Wow, Louisville





  • As USA Today had noted, $2.25 million of that came from the Adidas deal. In the two previous years, Pitino received a total of $3 million from the shoe company while the athletics program collected a paltry $35,000, according to the Courier-Journal.

    not a good look…



  • Maybe Louisville tipped the FBI purposely to get rid of Rick, so they could up their cut?!!!



  • There is a lot to be outraged about in this report. This zinger at the end is almost overlooked because the previous revelations are so egregious they nearly numb our sense of injustice…

    Jurich, currently suspended because of the scandal, earned more than twice as much as any other AD in the nation last year. His contract included a collection of tax-avoiding boosts and over-the-top perks that brought his compensation to $5.3 million last year.

    Tax-avoiding boosts: because making several million a year isn’t enough; you also need to avoid paying those taxes.

    I think this is one of the ways the middle class has been constricted.



  • @approxinfinity

    Considering that Louisville is essentially broke, I guess it now makes KU the most valuable team in college basketball since it had been consistently ranked second to Louisville.
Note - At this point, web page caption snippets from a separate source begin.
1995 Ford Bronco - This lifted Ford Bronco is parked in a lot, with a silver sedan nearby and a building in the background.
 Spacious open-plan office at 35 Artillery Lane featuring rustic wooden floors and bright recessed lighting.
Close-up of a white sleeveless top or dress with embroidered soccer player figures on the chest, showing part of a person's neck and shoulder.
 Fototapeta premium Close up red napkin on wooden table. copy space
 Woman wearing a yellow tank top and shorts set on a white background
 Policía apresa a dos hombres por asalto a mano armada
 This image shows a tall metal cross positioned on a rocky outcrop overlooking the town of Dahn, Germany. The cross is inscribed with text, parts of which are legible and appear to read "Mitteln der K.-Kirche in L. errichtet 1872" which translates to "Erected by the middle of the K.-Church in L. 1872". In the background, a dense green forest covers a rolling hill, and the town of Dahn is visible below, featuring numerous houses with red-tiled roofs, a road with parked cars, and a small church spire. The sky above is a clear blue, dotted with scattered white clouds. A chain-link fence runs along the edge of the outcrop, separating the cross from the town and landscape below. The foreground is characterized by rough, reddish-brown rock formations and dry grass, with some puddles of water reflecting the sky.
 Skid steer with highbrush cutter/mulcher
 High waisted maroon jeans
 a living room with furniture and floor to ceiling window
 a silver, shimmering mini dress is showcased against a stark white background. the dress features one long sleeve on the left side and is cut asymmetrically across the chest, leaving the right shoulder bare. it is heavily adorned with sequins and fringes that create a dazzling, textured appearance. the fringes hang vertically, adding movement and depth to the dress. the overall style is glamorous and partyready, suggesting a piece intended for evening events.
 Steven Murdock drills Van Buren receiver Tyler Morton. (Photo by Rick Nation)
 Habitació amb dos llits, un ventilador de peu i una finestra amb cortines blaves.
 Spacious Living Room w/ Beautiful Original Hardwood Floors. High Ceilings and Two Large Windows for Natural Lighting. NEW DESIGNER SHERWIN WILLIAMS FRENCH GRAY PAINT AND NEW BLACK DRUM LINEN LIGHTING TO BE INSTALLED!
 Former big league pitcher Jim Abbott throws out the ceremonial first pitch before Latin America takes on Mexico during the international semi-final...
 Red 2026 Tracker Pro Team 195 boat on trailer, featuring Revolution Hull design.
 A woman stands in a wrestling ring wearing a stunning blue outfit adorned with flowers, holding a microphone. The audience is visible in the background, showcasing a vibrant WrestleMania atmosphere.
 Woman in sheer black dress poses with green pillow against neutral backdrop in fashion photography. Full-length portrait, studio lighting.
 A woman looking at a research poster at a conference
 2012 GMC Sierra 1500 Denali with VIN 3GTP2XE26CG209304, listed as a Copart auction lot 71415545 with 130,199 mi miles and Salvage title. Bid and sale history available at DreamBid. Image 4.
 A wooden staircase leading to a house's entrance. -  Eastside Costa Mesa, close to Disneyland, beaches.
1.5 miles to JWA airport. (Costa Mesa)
  • I’m wondering if ol’ Rick ends up in prison. This isn’t the first time I’ve had that thought. The way to nail Rick is through flipping Jurich.



  • @drgnslayr

    If he has any brains and a good attorney he will have plausible deniability, lots of cover and multi-layers of separation with the known law breakers.

    I believe that much like Al Capone, a great number of the people caught in the dragnet will be convicted of tax evasion if they did not declare the payoffs. Afterwards, the NCAA will jump in to pick what is left of the the carcasses.



  • KU is very lucky today. Tim Jurich was one of those names a lot of people wanted to hire when Zenger was hired. Avoided a possible major headache with him.



  • @Texas-Hawk-10

    I am not sure that he would have acted the same way at KU.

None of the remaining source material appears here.